Exercise brief – In the entries below, find the line with "I could fly" and the line with "Placed in His Glory by Fuchsia Pickett". Reproduce those two lines and every line between them exactly, and nothing more.
· · · · · · ·
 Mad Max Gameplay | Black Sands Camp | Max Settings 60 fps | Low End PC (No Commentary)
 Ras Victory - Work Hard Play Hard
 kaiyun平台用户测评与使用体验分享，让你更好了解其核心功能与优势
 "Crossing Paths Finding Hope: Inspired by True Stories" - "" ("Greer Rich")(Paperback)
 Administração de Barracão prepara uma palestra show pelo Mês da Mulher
· · · · · · ·
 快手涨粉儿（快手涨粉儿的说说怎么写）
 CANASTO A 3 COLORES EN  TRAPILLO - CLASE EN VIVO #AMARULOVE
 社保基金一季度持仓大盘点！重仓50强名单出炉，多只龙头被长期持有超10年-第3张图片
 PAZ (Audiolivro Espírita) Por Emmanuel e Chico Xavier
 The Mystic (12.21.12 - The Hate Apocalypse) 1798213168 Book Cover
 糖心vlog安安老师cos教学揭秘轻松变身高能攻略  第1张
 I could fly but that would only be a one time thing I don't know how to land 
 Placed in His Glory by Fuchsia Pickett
· · · · · · ·
Written response –
 I could fly but that would only be a one time thing I don't know how to land 
 Placed in His Glory by Fuchsia Pickett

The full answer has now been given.